Disentangled expression learning is a known technique. The
architecture with the disentanglement feature can capture
characteristic amounts independent of each other and generates a
characteristic amount for each element in input data in a latent
space. An essential characteristic amount vector is a vector
composed of characteristic amounts important to solve a user task
by the system. A method for determining an essential characteristic
amount vector is described later in detail.
[0029] Output from both functional sections is used as input to a
database comparator. The database comparator compares a task
expression extracted from a user description with another task
expression within the database. As an example, when the task
expression is in a character string format, the most similar string
can be acquired using a classical metric distance such as a
Levenshtein distance. As another example, when the task expression
is a keyword string, a general document comparison method for
comparing appearance frequencies of words as vectors may be used.

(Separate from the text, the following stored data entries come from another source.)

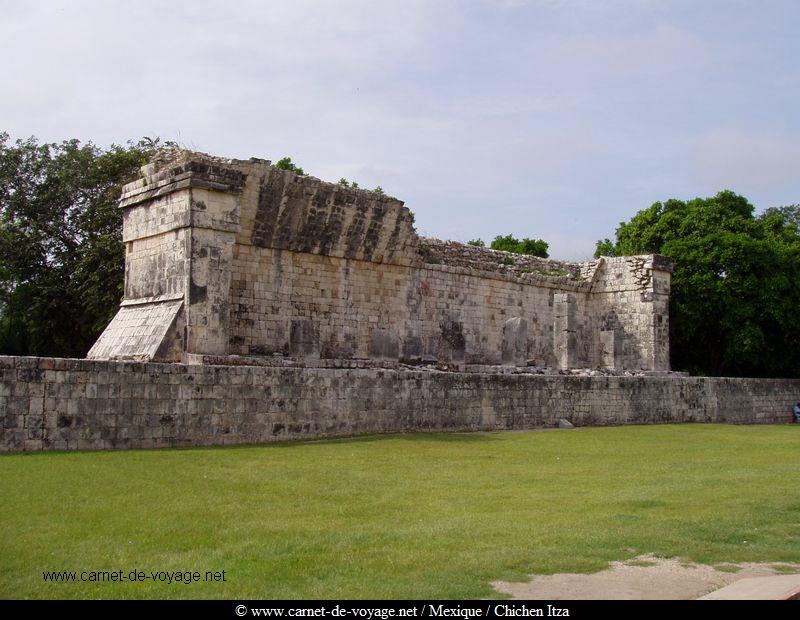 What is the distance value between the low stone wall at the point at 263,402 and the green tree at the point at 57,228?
45.0 ft

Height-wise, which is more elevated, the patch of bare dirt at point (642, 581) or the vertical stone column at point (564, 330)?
the vertical stone column at point (564, 330)

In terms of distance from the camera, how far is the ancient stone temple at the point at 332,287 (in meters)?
16.1

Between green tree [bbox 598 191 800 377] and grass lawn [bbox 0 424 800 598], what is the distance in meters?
17.1

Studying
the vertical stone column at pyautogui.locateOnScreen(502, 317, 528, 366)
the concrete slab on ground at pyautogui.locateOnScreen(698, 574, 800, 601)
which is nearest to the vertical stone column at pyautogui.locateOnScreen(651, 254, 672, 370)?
the vertical stone column at pyautogui.locateOnScreen(502, 317, 528, 366)

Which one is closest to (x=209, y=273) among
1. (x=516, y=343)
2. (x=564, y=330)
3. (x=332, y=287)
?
(x=332, y=287)

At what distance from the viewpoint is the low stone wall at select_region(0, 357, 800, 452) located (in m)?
10.6

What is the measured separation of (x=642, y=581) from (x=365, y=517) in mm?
2649

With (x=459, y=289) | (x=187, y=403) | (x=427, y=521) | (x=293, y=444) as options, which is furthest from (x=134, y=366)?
(x=459, y=289)

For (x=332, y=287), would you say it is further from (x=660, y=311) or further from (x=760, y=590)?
(x=760, y=590)

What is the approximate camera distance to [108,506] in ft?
24.3

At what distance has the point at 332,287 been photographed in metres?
20.3

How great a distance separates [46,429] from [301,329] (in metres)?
8.38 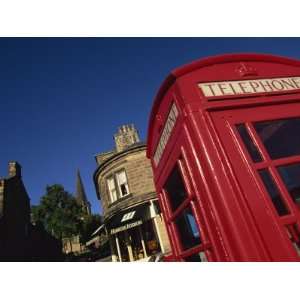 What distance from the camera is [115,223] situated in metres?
17.1

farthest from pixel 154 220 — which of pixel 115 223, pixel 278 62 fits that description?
pixel 278 62

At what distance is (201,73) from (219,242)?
61.1 inches

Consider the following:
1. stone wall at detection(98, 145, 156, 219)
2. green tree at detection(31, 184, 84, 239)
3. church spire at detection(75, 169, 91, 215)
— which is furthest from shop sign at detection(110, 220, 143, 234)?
church spire at detection(75, 169, 91, 215)

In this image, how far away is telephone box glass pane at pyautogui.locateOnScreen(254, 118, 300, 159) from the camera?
261 centimetres

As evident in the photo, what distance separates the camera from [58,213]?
34031 millimetres

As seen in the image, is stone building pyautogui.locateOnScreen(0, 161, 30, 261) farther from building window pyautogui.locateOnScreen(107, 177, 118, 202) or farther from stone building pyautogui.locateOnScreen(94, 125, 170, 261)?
building window pyautogui.locateOnScreen(107, 177, 118, 202)

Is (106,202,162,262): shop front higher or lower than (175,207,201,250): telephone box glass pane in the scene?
higher

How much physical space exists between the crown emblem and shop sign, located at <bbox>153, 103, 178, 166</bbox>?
2.47ft

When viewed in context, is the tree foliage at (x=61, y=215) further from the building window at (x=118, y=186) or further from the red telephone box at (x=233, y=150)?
the red telephone box at (x=233, y=150)

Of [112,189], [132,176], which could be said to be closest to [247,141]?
[132,176] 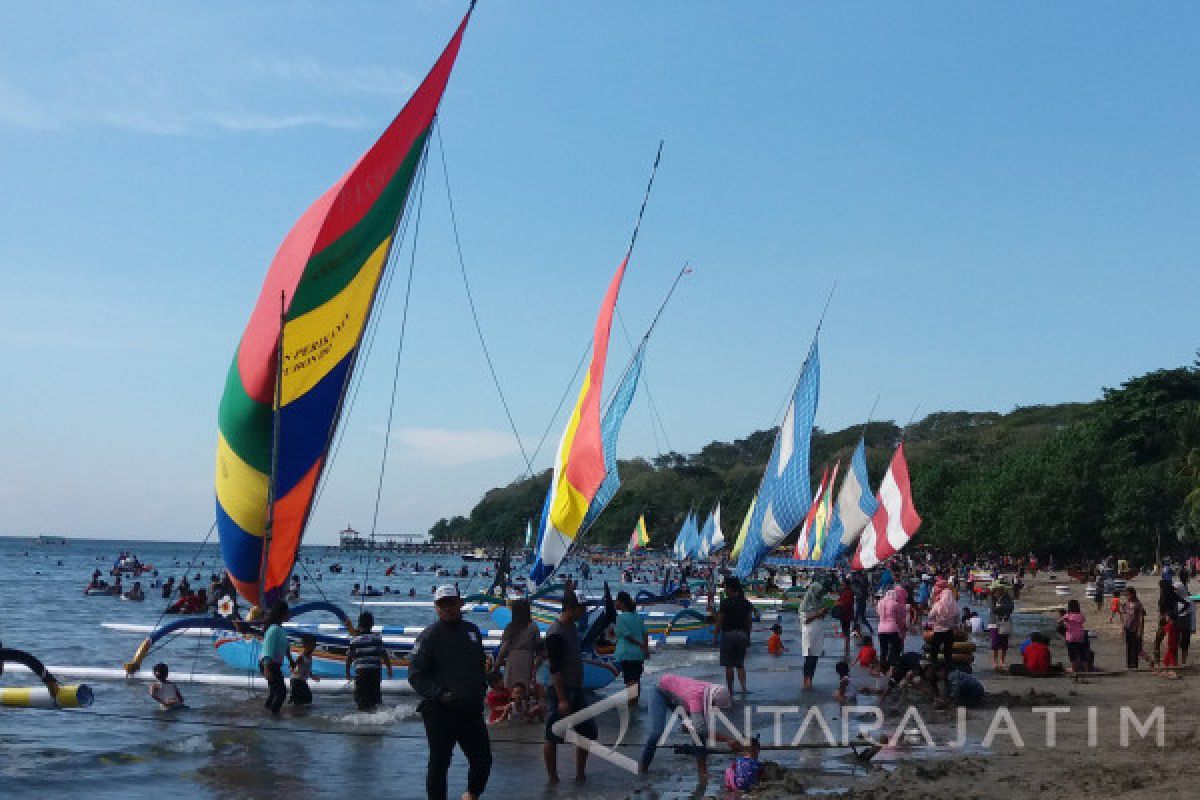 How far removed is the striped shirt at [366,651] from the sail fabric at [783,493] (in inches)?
739

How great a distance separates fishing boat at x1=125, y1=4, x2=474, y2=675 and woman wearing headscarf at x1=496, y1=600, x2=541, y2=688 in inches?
144

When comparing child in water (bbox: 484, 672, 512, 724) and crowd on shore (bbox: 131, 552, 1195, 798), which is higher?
crowd on shore (bbox: 131, 552, 1195, 798)

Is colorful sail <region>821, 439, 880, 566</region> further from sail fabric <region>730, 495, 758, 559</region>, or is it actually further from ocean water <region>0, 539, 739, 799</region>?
ocean water <region>0, 539, 739, 799</region>

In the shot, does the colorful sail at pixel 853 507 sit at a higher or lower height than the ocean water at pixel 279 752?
higher

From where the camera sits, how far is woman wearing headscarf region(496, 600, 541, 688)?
13.7 meters

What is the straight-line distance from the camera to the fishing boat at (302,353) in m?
15.8

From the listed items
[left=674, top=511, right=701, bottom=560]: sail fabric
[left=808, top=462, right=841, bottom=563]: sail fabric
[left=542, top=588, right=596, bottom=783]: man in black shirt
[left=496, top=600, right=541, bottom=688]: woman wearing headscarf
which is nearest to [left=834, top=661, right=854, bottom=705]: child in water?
[left=496, top=600, right=541, bottom=688]: woman wearing headscarf

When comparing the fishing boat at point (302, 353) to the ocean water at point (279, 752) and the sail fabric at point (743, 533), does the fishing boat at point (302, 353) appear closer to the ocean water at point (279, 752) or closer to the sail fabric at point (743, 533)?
the ocean water at point (279, 752)

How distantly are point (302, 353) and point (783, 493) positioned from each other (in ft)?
69.7

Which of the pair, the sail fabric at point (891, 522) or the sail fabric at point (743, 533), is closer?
the sail fabric at point (743, 533)

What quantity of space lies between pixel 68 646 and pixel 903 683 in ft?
73.3

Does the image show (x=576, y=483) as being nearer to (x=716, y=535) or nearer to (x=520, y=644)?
(x=520, y=644)

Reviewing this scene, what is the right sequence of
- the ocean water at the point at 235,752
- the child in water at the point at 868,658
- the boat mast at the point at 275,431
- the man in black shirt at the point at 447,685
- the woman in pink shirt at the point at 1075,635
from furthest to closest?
the child in water at the point at 868,658 < the woman in pink shirt at the point at 1075,635 < the boat mast at the point at 275,431 < the ocean water at the point at 235,752 < the man in black shirt at the point at 447,685

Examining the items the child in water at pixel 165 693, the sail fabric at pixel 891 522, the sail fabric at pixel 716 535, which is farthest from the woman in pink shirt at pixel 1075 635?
the sail fabric at pixel 716 535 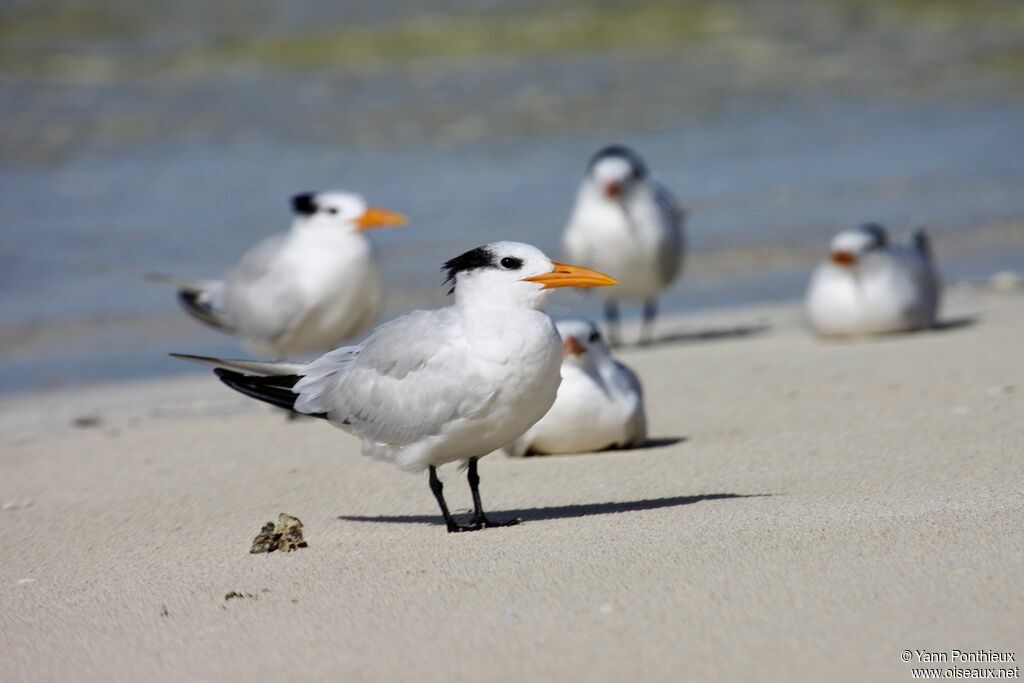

The database may store a task expression of an existing model and
the task expression may be generated from a user's description for
the task.
[0030] The database comparator compares an essential characteristic
amount vector with another essential characteristic amount vector
within the database. The comparison can be achieved using, for
example, a classical metric distance such as a Euclidean distance.
The database may store an essential characteristic amount vector of
an existing model, and the essential characteristic amount vector
may be generated for comparison from training data for the existing
model within the database.
[0031] A learning model optimal for a user task can be selected by
using a result of task comparison and a result of vector
comparison. Therefore, the user can reuse an appropriate existing
learning model for a new task. Due to extraction of an essential
characteristic amount, the selected learning model can exhibit
excellent performance even when the learning model is trained using
data different from the user's training data set. When the optimal
learning model is selected, the selected learning model is trained
(finely adjusted) using the user's data set.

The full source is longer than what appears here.